-------- SOURCE MATERIAL

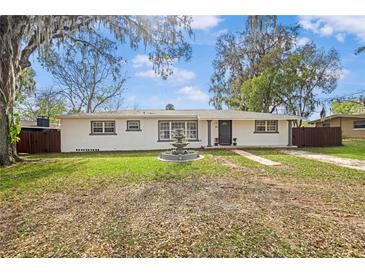 Charming single-story home with a well-maintained front yard and fountain feature under a mature tree at 1818 Se Lake Weir Ave, Ocala, FL 34471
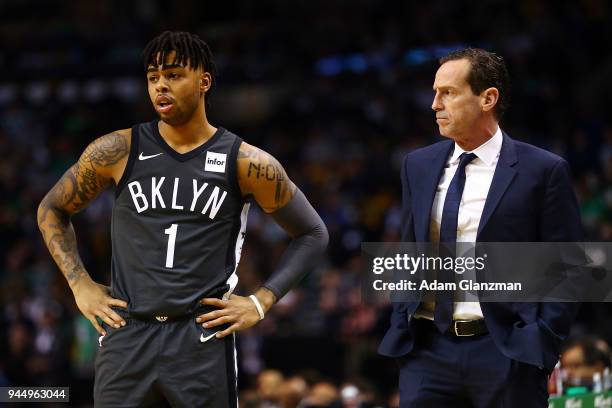 Brooklyn Nets head coach Kenny Atkinson talks to D'Angelo Russell of the Brooklyn Nets during a game against the Boston Celtics at TD Garden on April...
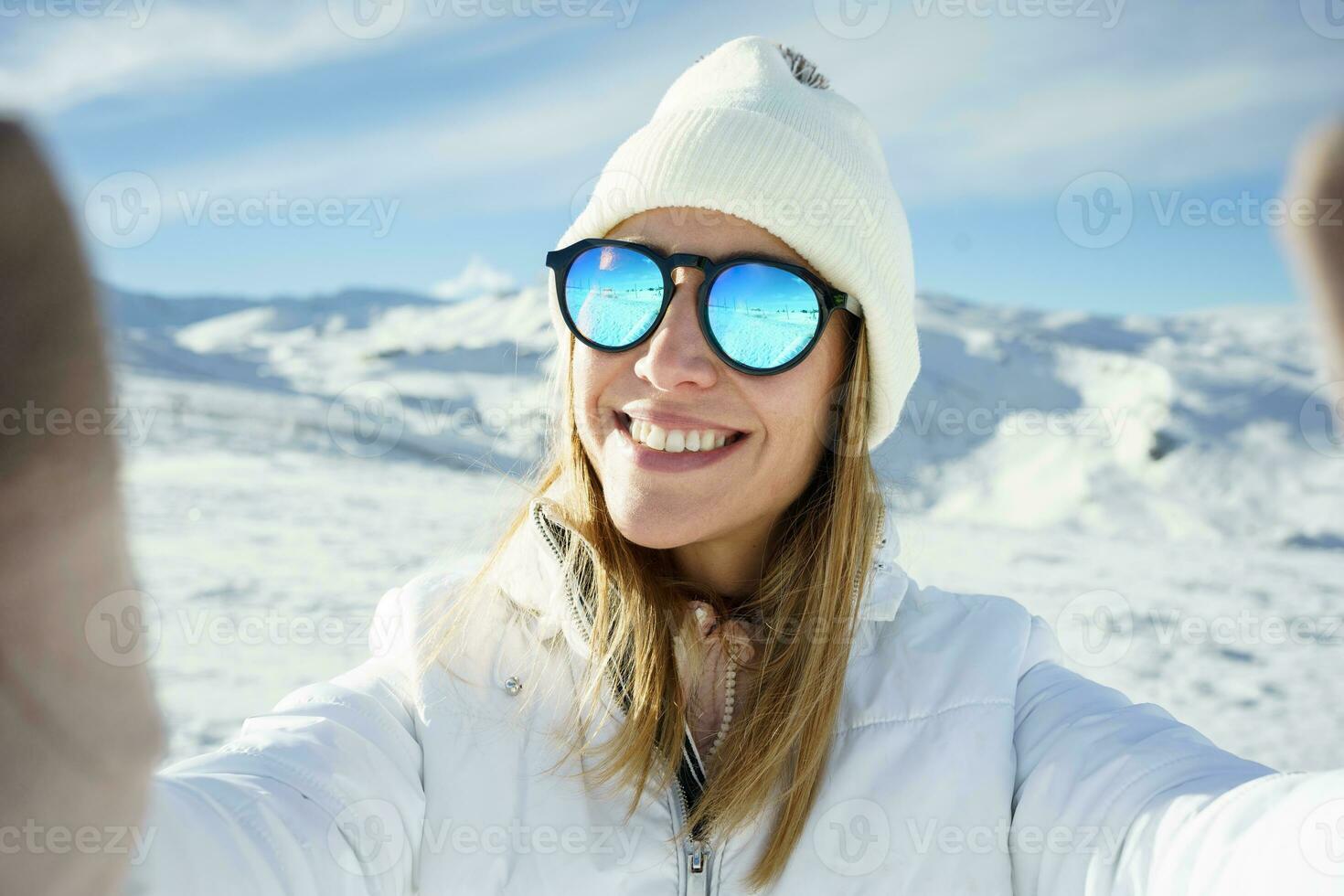 heiter Frau im Sonnenbrille nehmen Selfie im schneebedeckt Platz foto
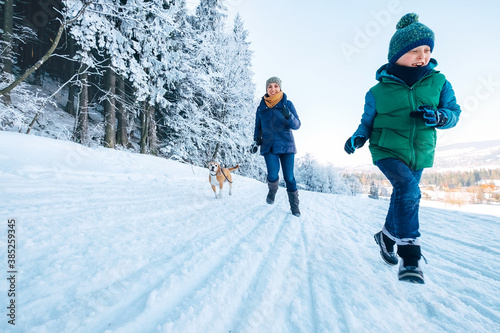 Mother and son having a fun. They running with their beagle dog in snowy forest during dog walk. Mother and son relatives and femily values concept image.
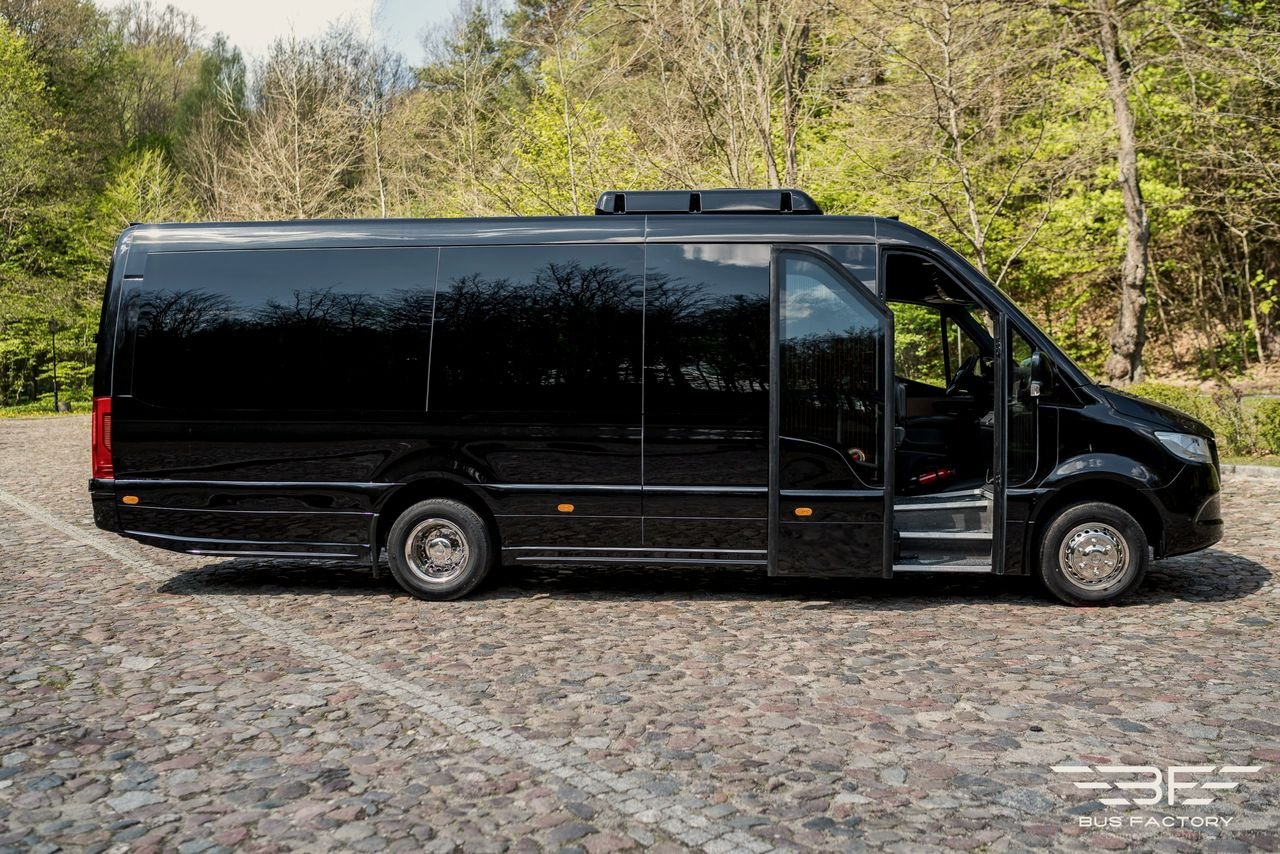 Side view of a black Sprinter minibus with its passenger door open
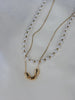 Collar doble perla y figuras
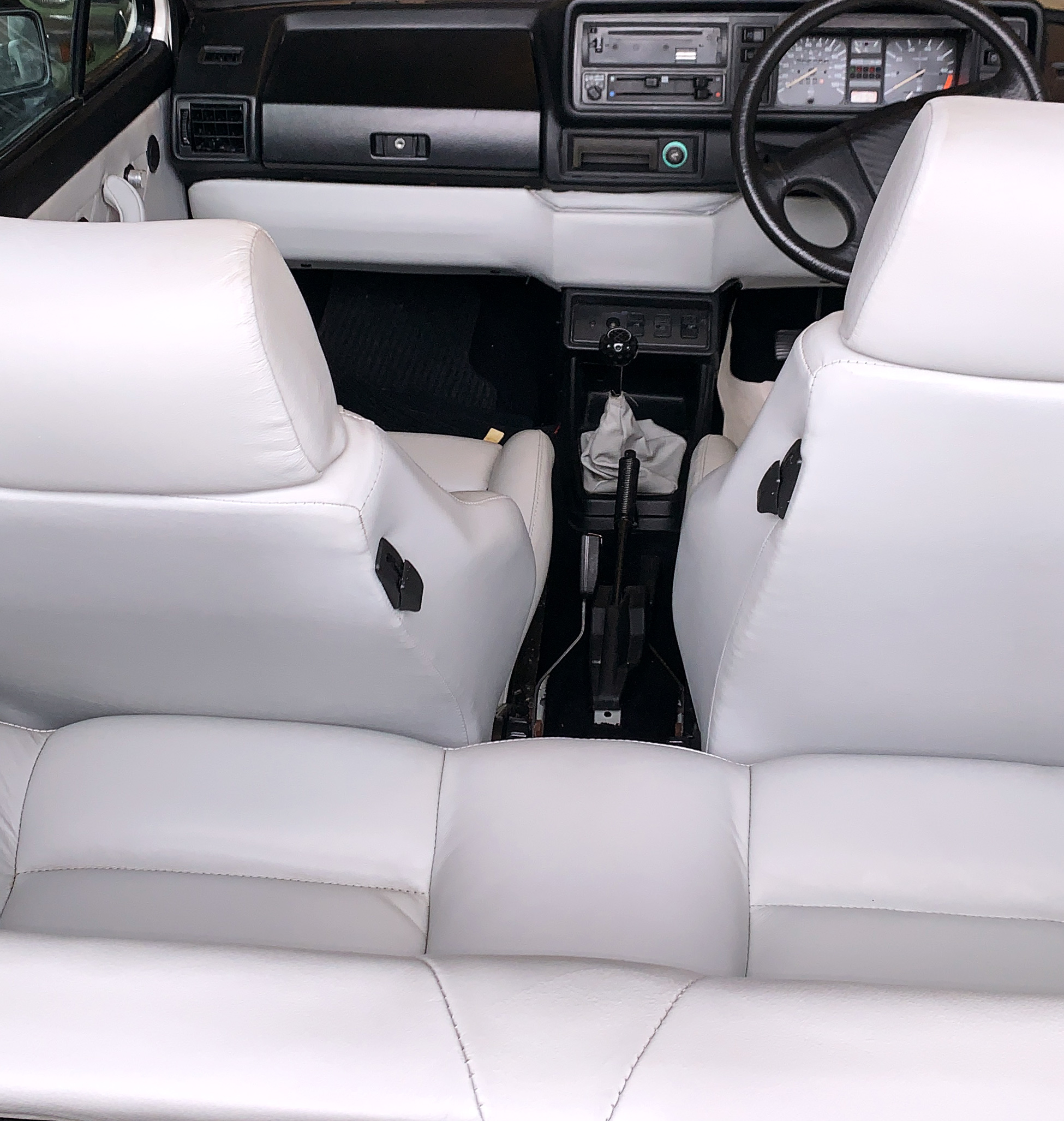 White+leather+car+upholstery%2C+door+panels+and+dash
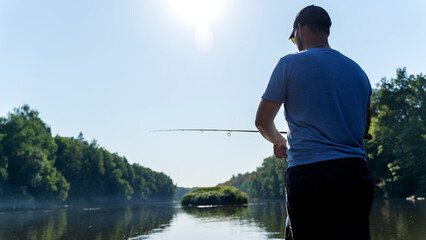 A fisherman is fishing for spinning from a boat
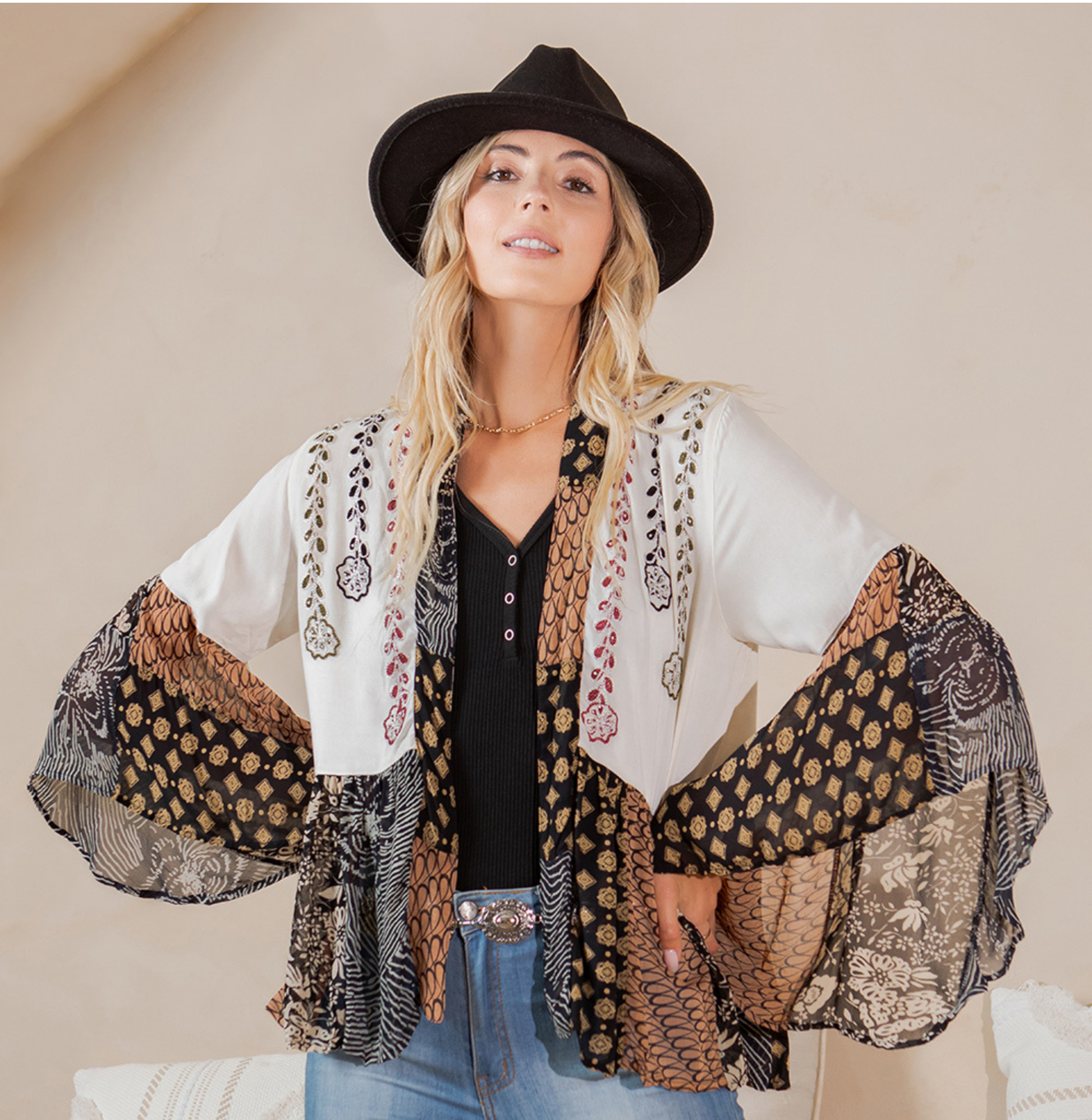Front view with arms out showing the shrug's dramatic flared patchwork sleeves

----------------

§ **EXERCISE PROMPT**
The records above are to be transcribed word for word. Skip the images.

§ **RESPONSE TO THE TASK**
 Charming single-story home with a well-maintained front yard and fountain feature under a mature tree at 1818 Se Lake Weir Ave, Ocala, FL 34471
 Brooklyn Nets head coach Kenny Atkinson talks to D'Angelo Russell of the Brooklyn Nets during a game against the Boston Celtics at TD Garden on April...
 heiter Frau im Sonnenbrille nehmen Selfie im schneebedeckt Platz foto
 Mother and son having a fun. They running with their beagle dog in snowy forest during dog walk. Mother and son relatives and femily values concept image.
 Side view of a black Sprinter minibus with its passenger door open
 Collar doble perla y figuras
 White+leather+car+upholstery%2C+door+panels+and+dash
 A fisherman is fishing for spinning from a boat
Front view with arms out showing the shrug's dramatic flared patchwork sleeves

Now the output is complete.